Each record below should be reproduced as it is written, with pictures left out entirely.

#####

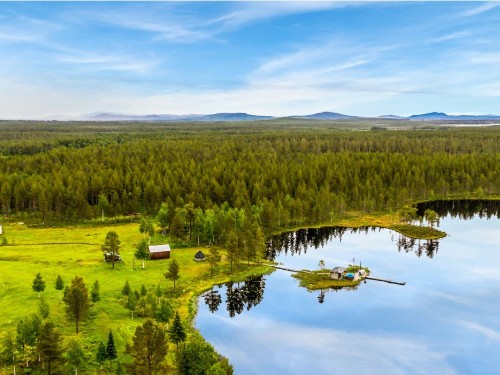 Sommerhus - 6 personer -  - Auktsjaur - 933 01 - Arvidsjaur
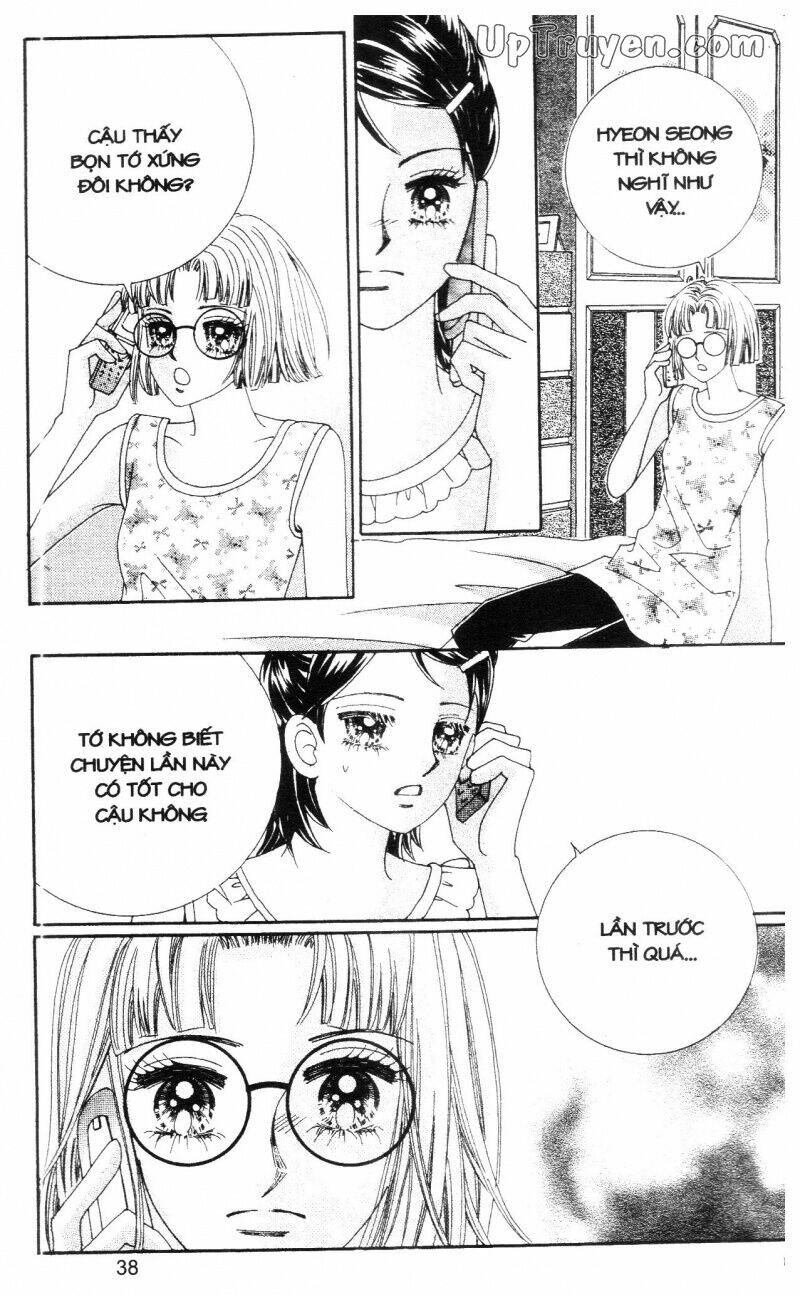 chỉ mình anh chapter 6 39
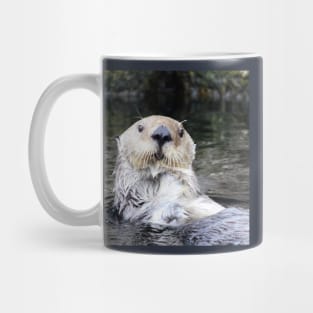 Sea Otter.....Hi There! Mug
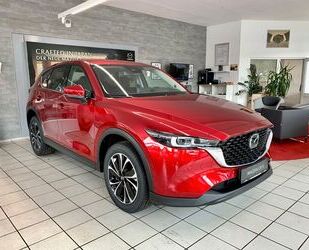 Mazda CX-5 Gebrauchtwagen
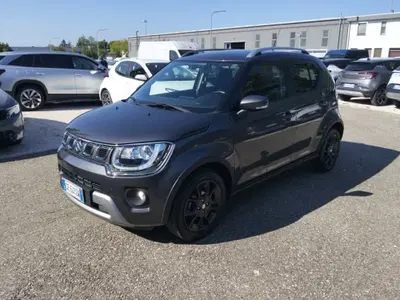Suzuki Ignis 1.2 Dualjet 4WD All Grip Top del 2021 usata a Faenza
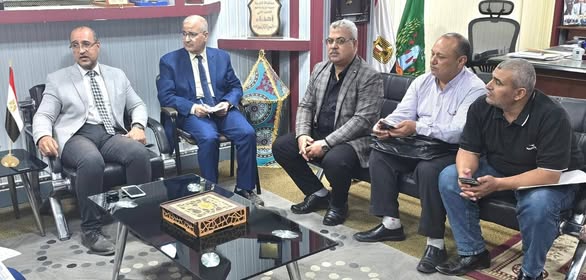 وكيل تعليم المنوفية : الإعدادية بنظام البوكليت هذا العام.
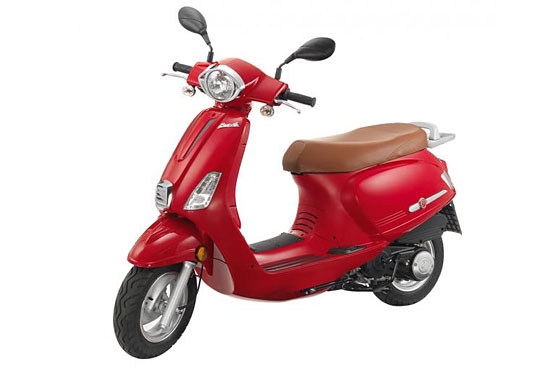 2014 CPI BRAVO 125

#####

Your solution.
 Sommerhus - 6 personer -  - Auktsjaur - 933 01 - Arvidsjaur
 chỉ mình anh chapter 6 39
 Sea Otter.....Hi There! Mug
 Mazda CX-5 Gebrauchtwagen
Suzuki Ignis 1.2 Dualjet 4WD All Grip Top del 2021 usata a Faenza
 وكيل تعليم المنوفية : الإعدادية بنظام البوكليت هذا العام.
 2014 CPI BRAVO 125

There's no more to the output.